- _PROBLEM DESCRIPTION_
Work out the number of lines in the records that include the word "Polizia"; reply with that number alone.

(Caption-style text data)
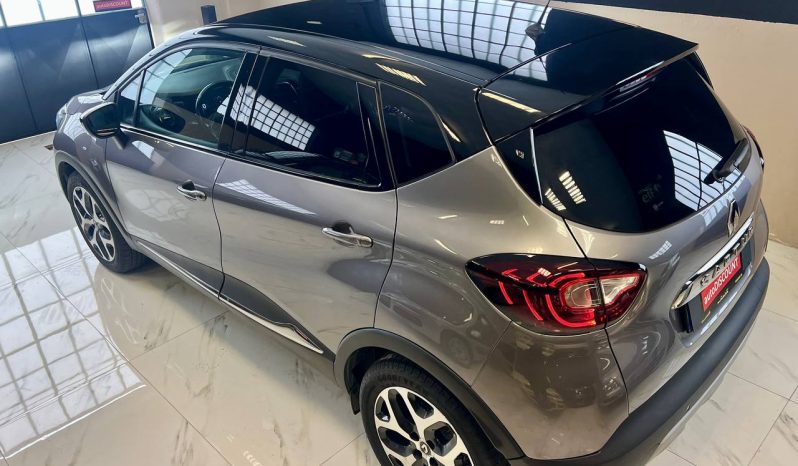 RENAULT CAPTUR full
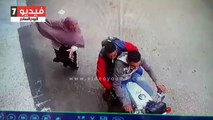 كلاكيت تانى مرة.. شابان يستقلان موتوسيكل يسرقان حقيبة سيدة بالمنوفية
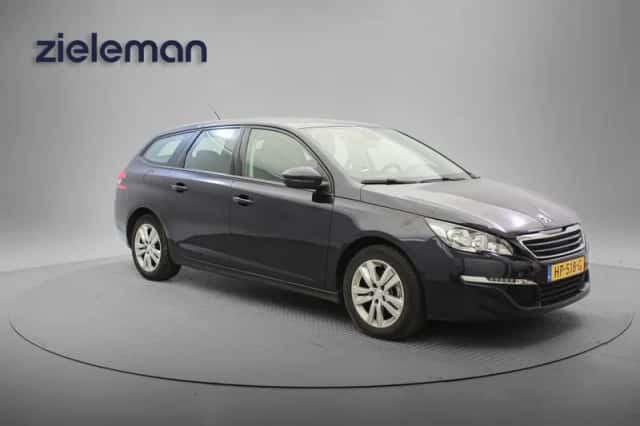 Peugeot 308 (2015) thumbnail 1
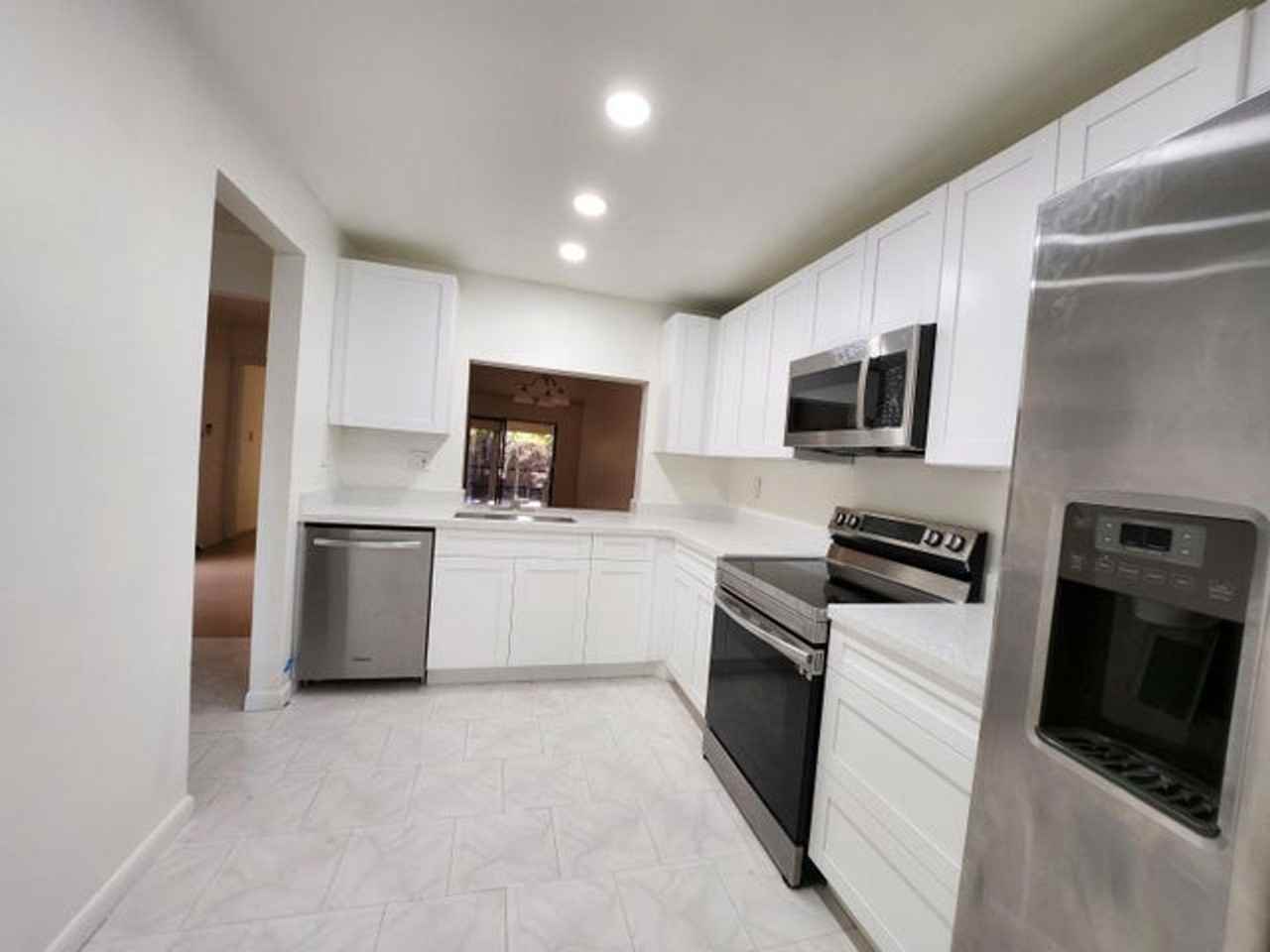 903 Nw 79th Ter - Photo 2 of 12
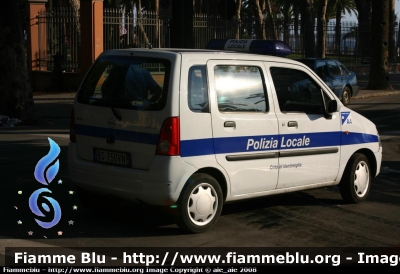 Opel Agila I serie
Polizia Locale Ventimiglia IM
Livrea aggiornata
Parole chiave: Opel Agila Polizia Municipale Polizia_locale (IM) Liguria 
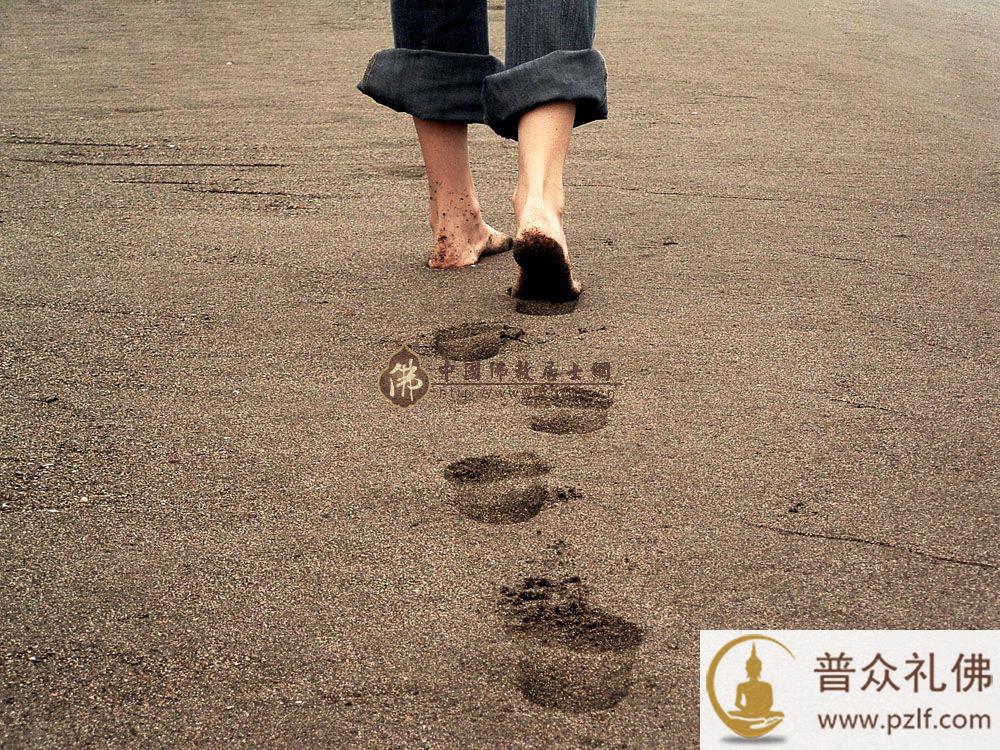 沙滩上的脚印.jpg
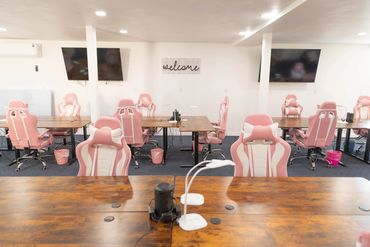 Hollowberry Manor Creative Retreat Workroom Colorado Scrapbook Retreat Colorado Quilt Retreat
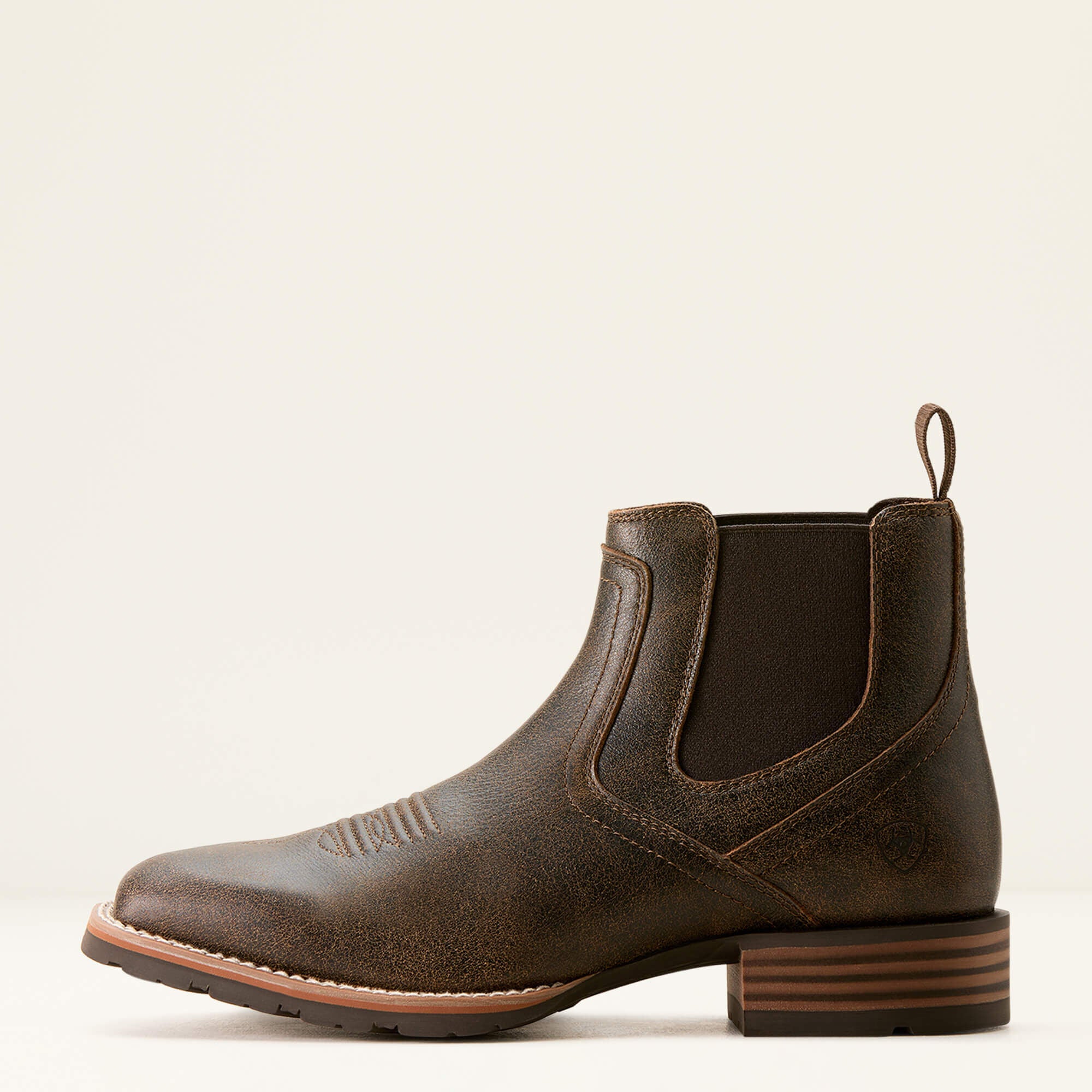 Hybrid Low Boy Wide Square Toe Chelsea Boot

- _SOLVED EXERCISE_
2